Data section.

'''

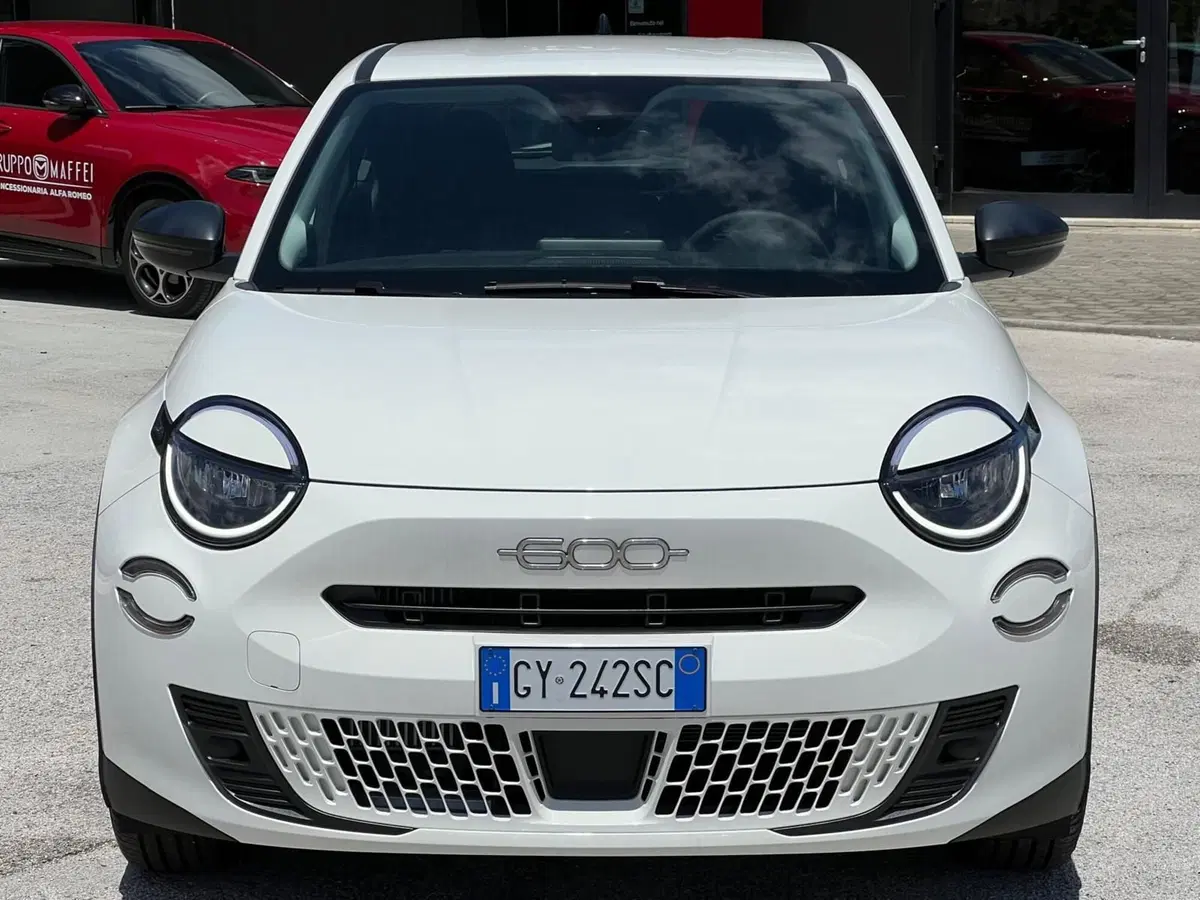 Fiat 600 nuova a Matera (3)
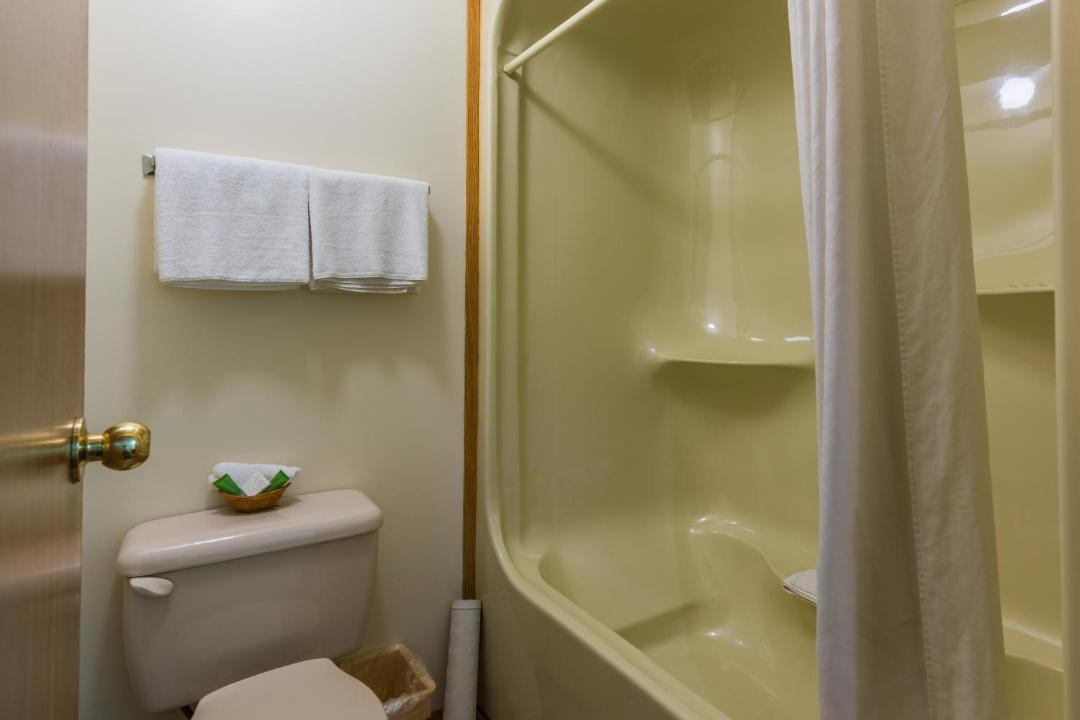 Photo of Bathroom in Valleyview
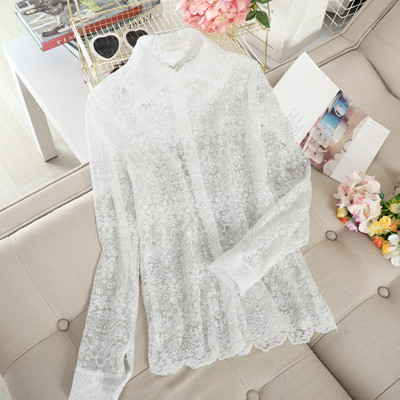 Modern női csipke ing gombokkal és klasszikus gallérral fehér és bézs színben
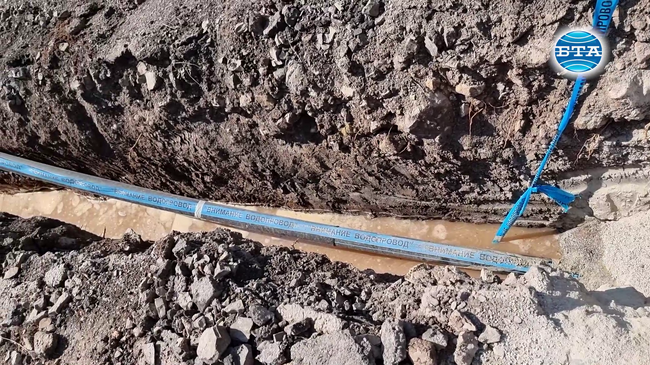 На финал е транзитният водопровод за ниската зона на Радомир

'''
'''

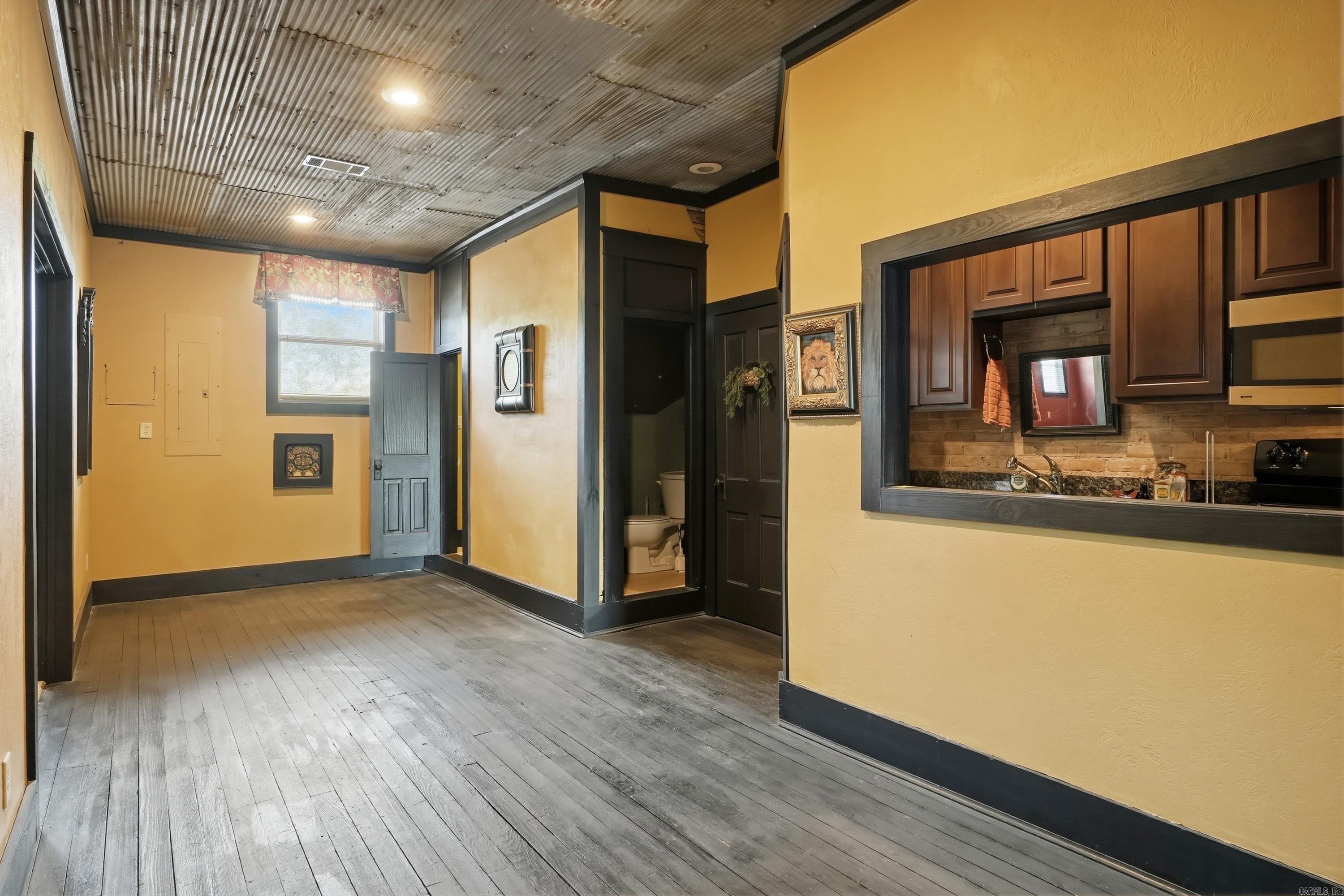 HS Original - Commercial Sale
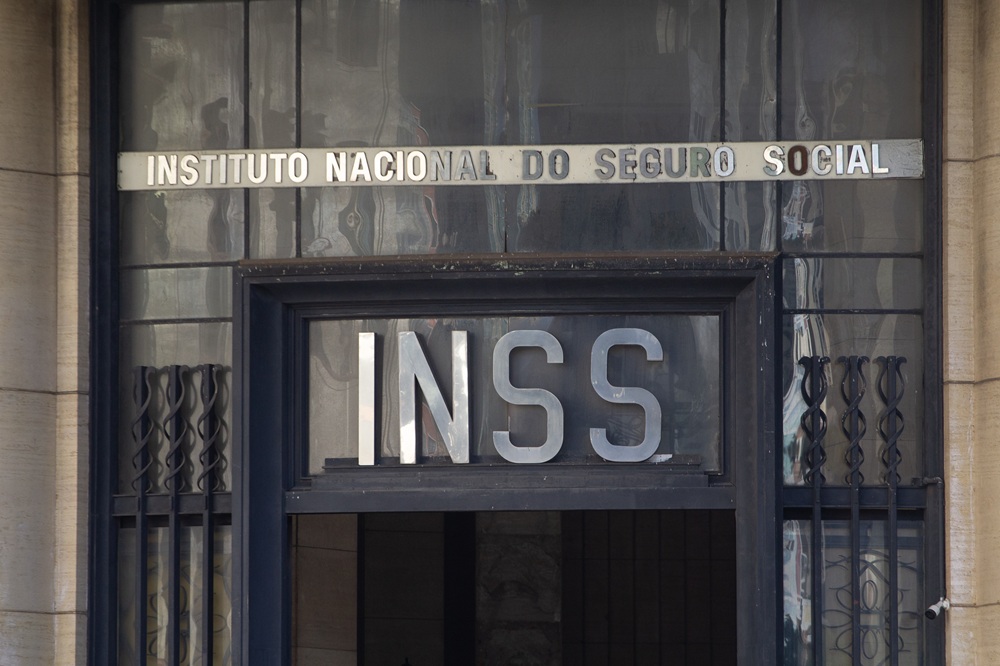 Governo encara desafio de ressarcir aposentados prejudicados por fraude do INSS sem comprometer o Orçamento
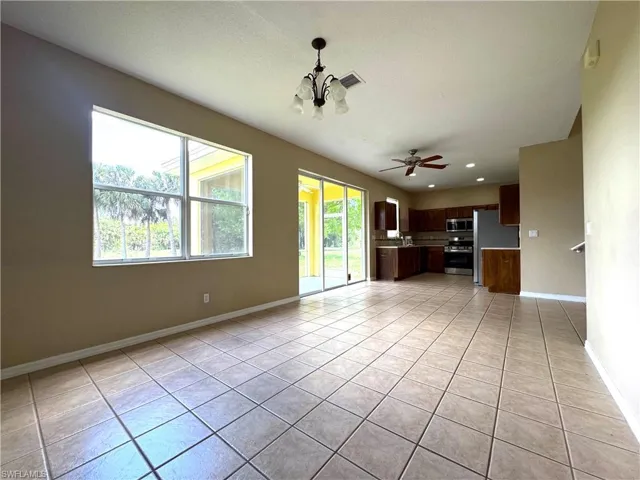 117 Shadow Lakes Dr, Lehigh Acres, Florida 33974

'''

Exercise aim. Give back exactly, and solely, the section of the data above bounded by the line containing "HS Original - Commercial Sale" and the line containing "117 Shadow Lakes", both bounding lines included and pictures omitted.

Reply to the task.
 HS Original - Commercial Sale
 Governo encara desafio de ressarcir aposentados prejudicados por fraude do INSS sem comprometer o Orçamento
 117 Shadow Lakes Dr, Lehigh Acres, Florida 33974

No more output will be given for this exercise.